╭─ RECORDS FOR PROCESSING
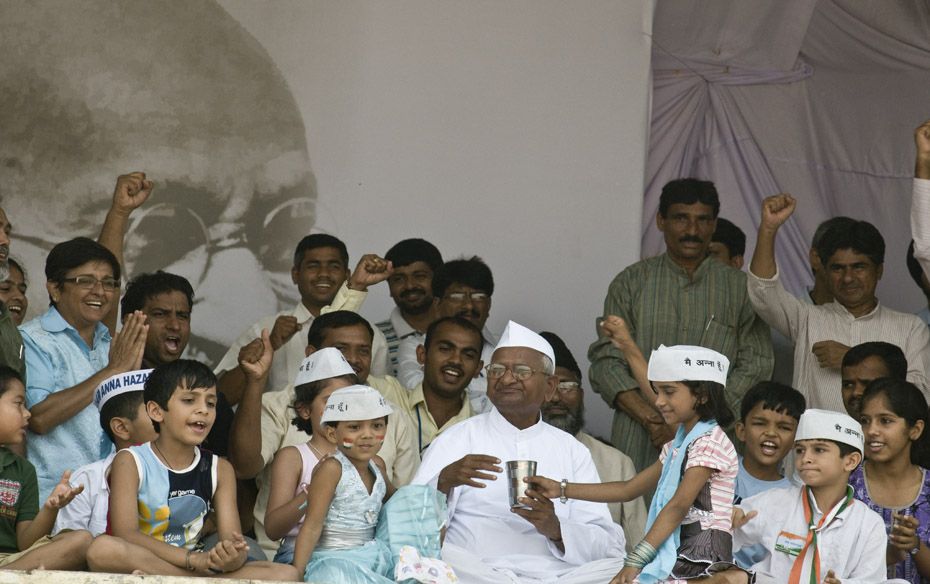 Anna’s supporters are jubilant after he breaks his fast with coconut water on August 28       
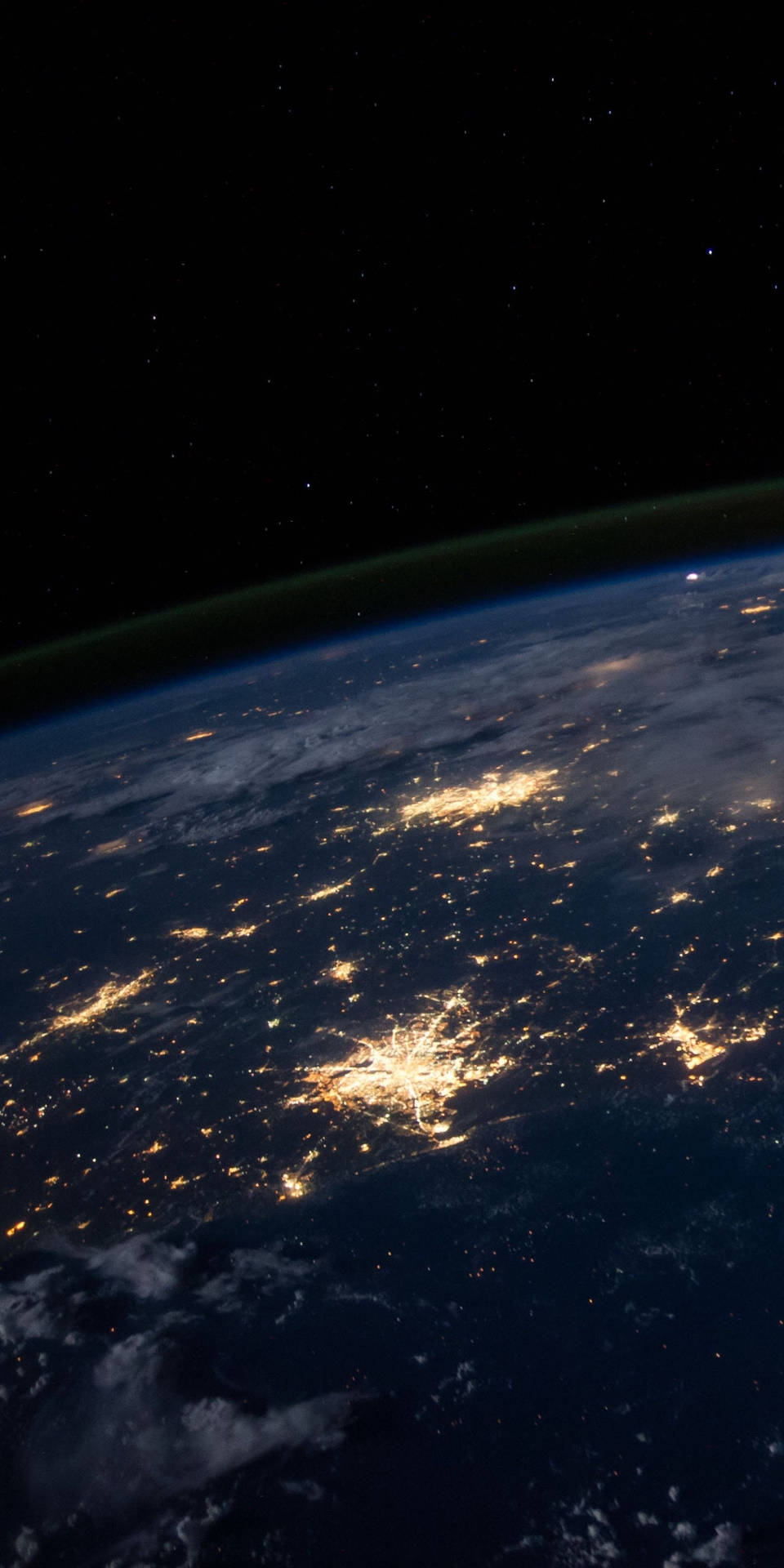 從太空觀看地球的夜景，顯示城市燈光和星空 — Oled 壁紙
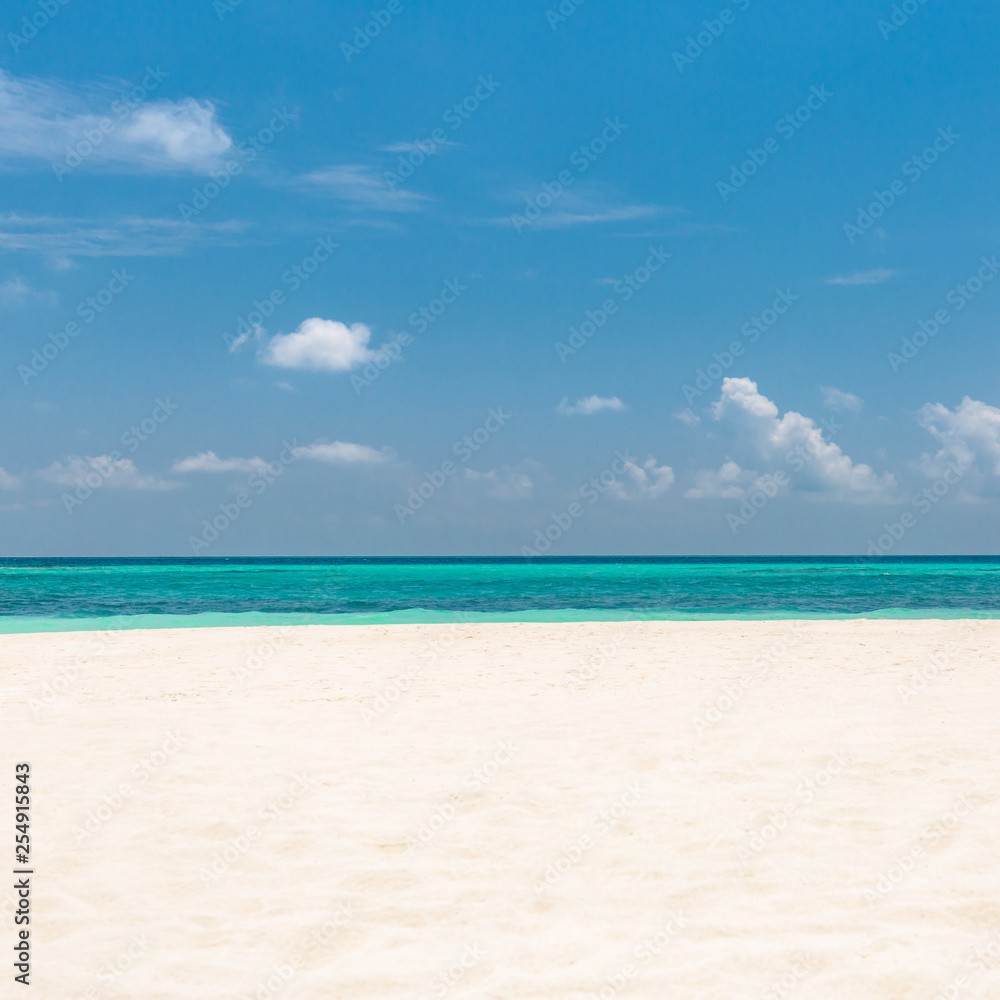 Empty beach scene with white sand and blue sea view. Sea sand sky concept Empty beach scene with white sand and blue sea view. Sea sand sky concept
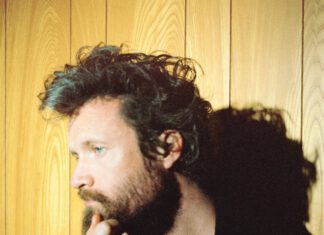 Father John Misty Headlines ‘Sound Summit’ Father John Misty in a red shirt and black jacket.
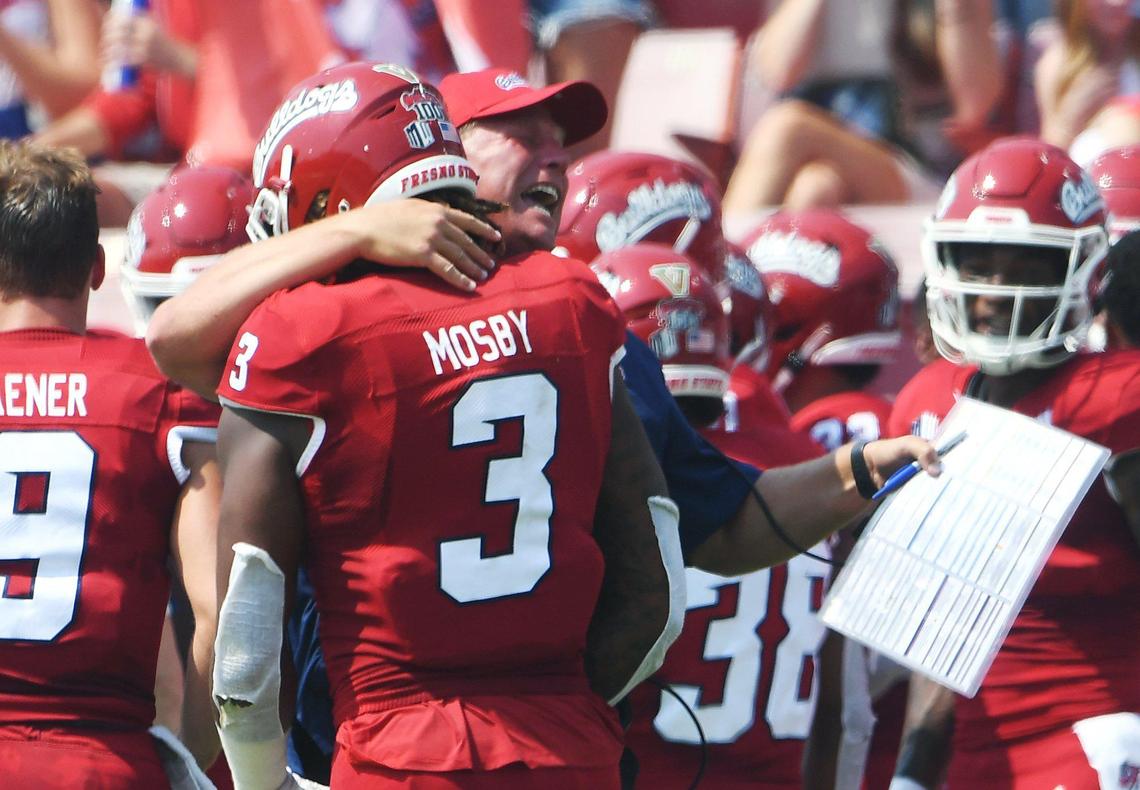Fresno State coach Kalen DeBoer, right, congratulates Arron Mosby following his touchdown on a sack, forced fumble and fumble recovery in a 45-0 victory over UConn Saturday, Aug. 28, 2021 in Fresno.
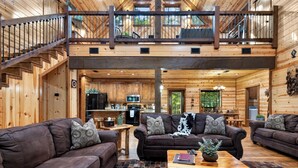 A spacious log cabin interior with a living area, kitchen, and upper deck.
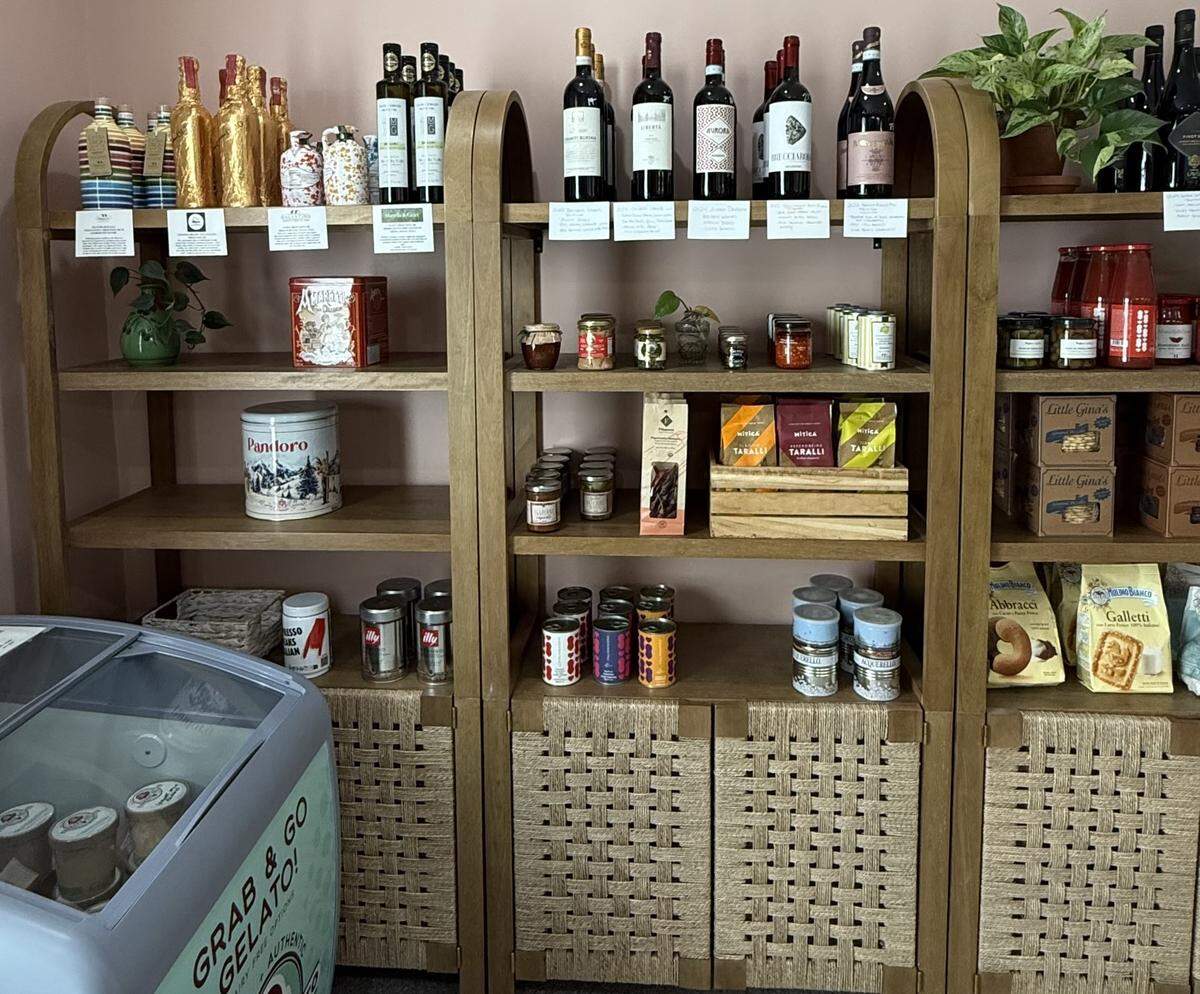 Wooden shelving units inside a shop filled with Italian specialty goods, including wine bottles, pasta sauces, canned tomatoes, and bags of “Little Gina’s” snacks.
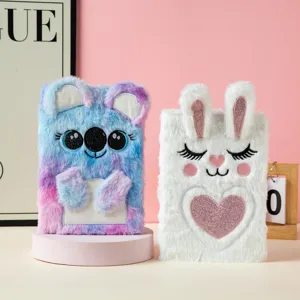 Close-up of plush A5 notebooks featuring cute koala and bunny embroidery details
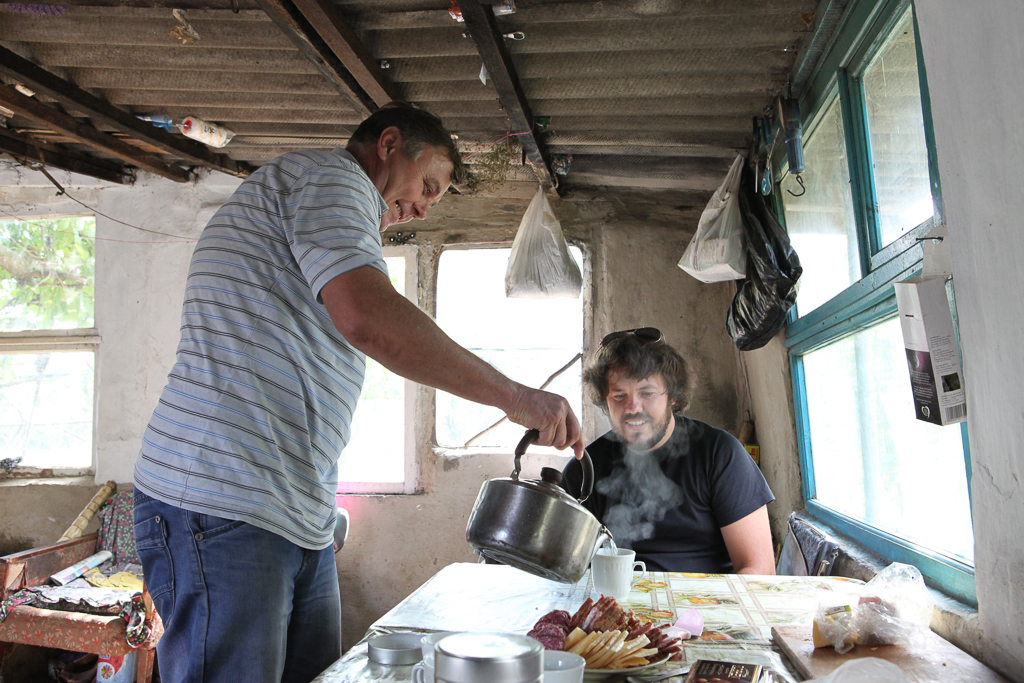 Sergei serves Grisha tea at his house during our visit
╰─
▶ _PROBLEM_: Verbatim copy without images: write the records above out in full.

▶ _OUTPUT FOR THIS EXERCISE_:
 Anna’s supporters are jubilant after he breaks his fast with coconut water on August 28       
 從太空觀看地球的夜景，顯示城市燈光和星空 — Oled 壁紙
 Empty beach scene with white sand and blue sea view. Sea sand sky concept Empty beach scene with white sand and blue sea view. Sea sand sky concept
 Father John Misty Headlines ‘Sound Summit’ Father John Misty in a red shirt and black jacket.
Fresno State coach Kalen DeBoer, right, congratulates Arron Mosby following his touchdown on a sack, forced fumble and fumble recovery in a 45-0 victory over UConn Saturday, Aug. 28, 2021 in Fresno.
 A spacious log cabin interior with a living area, kitchen, and upper deck.
 Wooden shelving units inside a shop filled with Italian specialty goods, including wine bottles, pasta sauces, canned tomatoes, and bags of “Little Gina’s” snacks.
 Close-up of plush A5 notebooks featuring cute koala and bunny embroidery details
 Sergei serves Grisha tea at his house during our visit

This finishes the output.